Talk to them about how they feel like their screen time affects them. Help them be aware of how social media and other things they view on their phones may contribute to their anxiety. It may be helpful to ask them how long they think they should engage in recreational screen time every day and help them implement limits for themselves based on those conversations.
7. Get Outside
Teenagers spend the majority of their days inside at school. Studies show the physical and psychological benefits of spending time outside and away from a screen. Luckily, Colorado gets 300 days of sunlight, so getting outside is easy to do year round.
Encouraging your teens to take a walk, play a sport in the yard, or just lay in the sun can be a powerful tool for them to use when feeling anxious and unsettled.
8. Connect Them With A Mental Health Professional
Lastly, offer your teens the opportunity to speak with a mental health professional for anxiety counseling. Giving them an outlet to express themselves in a confidential space can help them feel empowered to make changes in their lives. It may also benefit you as a parent to reach out for support from a therapist. Normalizing the experience of seeking help can work to eliminate the stigma attached to it and help your child feel supported by you in their therapy journey.
You and your teenager have dealt with a lot in the past couple of years. I encourage you to acknowledge the strength it has taken for you and your teen to get to where you are today and the courage to seek out resources to help them.
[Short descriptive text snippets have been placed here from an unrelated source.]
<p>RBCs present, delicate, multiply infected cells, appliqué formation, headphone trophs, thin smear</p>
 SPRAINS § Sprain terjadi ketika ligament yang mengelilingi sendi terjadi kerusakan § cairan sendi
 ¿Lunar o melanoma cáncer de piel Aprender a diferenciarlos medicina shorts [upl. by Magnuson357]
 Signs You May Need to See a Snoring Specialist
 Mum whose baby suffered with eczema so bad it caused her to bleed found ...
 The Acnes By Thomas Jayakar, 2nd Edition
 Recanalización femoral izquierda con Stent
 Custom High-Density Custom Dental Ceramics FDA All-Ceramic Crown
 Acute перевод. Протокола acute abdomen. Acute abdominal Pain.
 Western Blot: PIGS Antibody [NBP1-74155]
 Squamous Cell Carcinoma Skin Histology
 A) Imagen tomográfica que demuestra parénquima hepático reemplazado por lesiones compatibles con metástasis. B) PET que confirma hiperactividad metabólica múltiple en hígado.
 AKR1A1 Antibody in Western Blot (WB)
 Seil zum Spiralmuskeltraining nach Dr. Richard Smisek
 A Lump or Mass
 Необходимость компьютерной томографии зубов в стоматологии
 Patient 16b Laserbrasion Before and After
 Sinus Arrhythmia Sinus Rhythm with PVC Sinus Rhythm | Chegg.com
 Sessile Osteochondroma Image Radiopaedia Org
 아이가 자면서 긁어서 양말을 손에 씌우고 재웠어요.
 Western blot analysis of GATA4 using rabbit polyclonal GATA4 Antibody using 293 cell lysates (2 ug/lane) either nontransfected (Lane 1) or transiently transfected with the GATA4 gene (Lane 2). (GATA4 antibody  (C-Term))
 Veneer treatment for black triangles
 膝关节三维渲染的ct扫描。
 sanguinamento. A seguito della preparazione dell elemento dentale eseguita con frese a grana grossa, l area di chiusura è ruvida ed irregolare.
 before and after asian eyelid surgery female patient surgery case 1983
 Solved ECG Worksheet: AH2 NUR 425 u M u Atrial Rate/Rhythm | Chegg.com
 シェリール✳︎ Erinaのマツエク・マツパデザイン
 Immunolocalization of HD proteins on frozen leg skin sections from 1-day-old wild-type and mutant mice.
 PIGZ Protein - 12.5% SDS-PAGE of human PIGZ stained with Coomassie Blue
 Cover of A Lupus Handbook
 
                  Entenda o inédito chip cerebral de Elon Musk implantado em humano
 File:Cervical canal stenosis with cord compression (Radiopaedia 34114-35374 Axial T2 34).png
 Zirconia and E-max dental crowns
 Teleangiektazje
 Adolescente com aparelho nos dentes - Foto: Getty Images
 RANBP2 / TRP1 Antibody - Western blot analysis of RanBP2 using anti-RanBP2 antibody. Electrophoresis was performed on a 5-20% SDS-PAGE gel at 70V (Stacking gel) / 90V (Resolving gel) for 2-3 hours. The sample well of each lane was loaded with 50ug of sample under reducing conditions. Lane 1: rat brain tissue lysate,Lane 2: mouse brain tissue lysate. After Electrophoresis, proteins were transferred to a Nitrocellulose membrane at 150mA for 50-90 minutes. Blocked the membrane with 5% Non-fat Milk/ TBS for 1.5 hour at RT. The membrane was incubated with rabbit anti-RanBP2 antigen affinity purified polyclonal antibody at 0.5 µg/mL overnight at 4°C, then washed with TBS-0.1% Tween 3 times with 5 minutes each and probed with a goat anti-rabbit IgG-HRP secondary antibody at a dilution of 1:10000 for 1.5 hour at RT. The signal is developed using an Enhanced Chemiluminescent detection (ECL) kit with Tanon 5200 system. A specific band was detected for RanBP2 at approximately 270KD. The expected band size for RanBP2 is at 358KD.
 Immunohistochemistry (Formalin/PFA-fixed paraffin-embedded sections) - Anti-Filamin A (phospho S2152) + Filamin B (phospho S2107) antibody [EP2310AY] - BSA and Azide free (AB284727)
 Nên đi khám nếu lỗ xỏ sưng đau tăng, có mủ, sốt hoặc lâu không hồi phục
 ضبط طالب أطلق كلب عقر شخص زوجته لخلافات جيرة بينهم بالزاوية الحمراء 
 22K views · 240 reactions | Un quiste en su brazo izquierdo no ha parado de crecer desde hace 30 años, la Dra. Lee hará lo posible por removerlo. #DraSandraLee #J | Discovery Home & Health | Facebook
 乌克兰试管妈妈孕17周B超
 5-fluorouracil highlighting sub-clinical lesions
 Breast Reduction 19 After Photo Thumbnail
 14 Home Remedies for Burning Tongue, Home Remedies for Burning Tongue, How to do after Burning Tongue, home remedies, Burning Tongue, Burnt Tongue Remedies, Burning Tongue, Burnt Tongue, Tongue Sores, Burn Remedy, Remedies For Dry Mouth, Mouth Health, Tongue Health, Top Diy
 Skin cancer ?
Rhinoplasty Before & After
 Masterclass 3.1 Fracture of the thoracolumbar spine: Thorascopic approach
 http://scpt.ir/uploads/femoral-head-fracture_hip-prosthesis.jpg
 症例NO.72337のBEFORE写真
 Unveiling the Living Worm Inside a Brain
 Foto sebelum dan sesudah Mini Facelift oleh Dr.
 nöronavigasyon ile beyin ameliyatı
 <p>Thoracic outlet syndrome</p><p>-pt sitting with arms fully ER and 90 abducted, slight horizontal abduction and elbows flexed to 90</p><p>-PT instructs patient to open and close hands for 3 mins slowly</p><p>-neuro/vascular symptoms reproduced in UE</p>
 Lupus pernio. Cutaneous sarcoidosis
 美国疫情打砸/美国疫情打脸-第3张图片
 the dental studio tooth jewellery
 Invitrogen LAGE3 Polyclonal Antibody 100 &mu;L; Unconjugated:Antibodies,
I hope that through these eight brief tips, you feel empowered to support your teenager as they learn coping strategies for their anxiety.
If you would like your teen to receive therapy for their anxiety, and are asking where yourself where I can find therapists near me, Intermountain Counseling offers therapy in Colorado Springs, CO. You can learn more about what Intermountain Counseling offers HERE and you can have a free consultation by CONTACTING US.
Lastly, Bessel Van Der Kolk reminds us, "The parent-child connection is the most powerful mental health intervention known to mankind."
So remember that even though you can provide your teen with all the resources in the world, the most important resource you can give them is a deep and loving connection with you.
References:
Hussain, Z., & Griffiths, M. D. (2021). The associations between problematic social networking site use and sleep quality, attention-deficit hyperactivity disorder, depression, anxiety and stress. International Journal of Mental Health & Addiction, 19(3), 686–700. https://doi-org.denverseminary.idm.oclc.org/10.1007/s11469-019-00175-1
Isabel Teotonio Toronto Star. (2013, August 6). Get moving, outside. Toronto Star (Canada). Masia, C. (2005). Keys to helping socially anxious teenagers: for school personnel and parents.
Brown University Child & Adolescent Behavior Letter, 21(3), 9–10.
Shortt, A. L., Barrett, P. M., & Fox, T. L. (2001). Evaluating the FRIENDS program: a cognitive-behavioral group treatment for anxious children and their parents. Journal of Clinical Child Psychology, 30(4), 525–535.
Simpson, D., Suarez, L., Cox, L., & Connolly, S. (2018). The role of coping strategies in understanding the relationship between parental support and psychological outcomes in anxious youth. Child & Adolescent Social Work Journal, 35(4), 407–421.